PROMPT:
Nothing but the lines below from the one containing "2026 New Luxury" through the one containing "LOUIS VUITTON Epi" should appear in the answer, exact and without pictures.

MATERIALS PROVIDED:
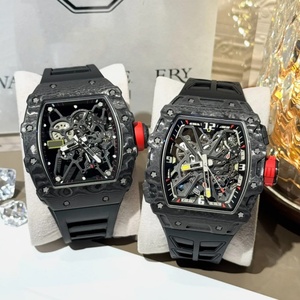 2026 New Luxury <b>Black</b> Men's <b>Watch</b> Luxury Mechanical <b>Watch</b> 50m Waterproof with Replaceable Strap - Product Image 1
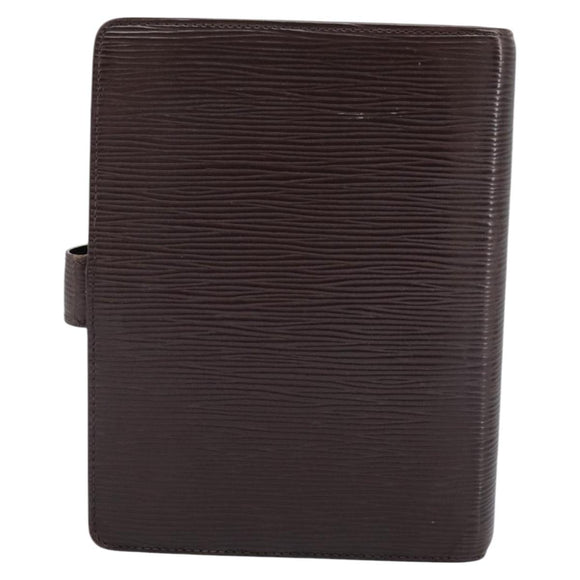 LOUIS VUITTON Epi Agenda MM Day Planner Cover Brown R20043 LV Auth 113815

--

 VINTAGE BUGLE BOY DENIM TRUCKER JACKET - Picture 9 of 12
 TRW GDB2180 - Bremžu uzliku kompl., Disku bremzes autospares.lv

TASK ANSWER:
 2026 New Luxury <b>Black</b> Men's <b>Watch</b> Luxury Mechanical <b>Watch</b> 50m Waterproof with Replaceable Strap - Product Image 1
 LOUIS VUITTON Epi Agenda MM Day Planner Cover Brown R20043 LV Auth 113815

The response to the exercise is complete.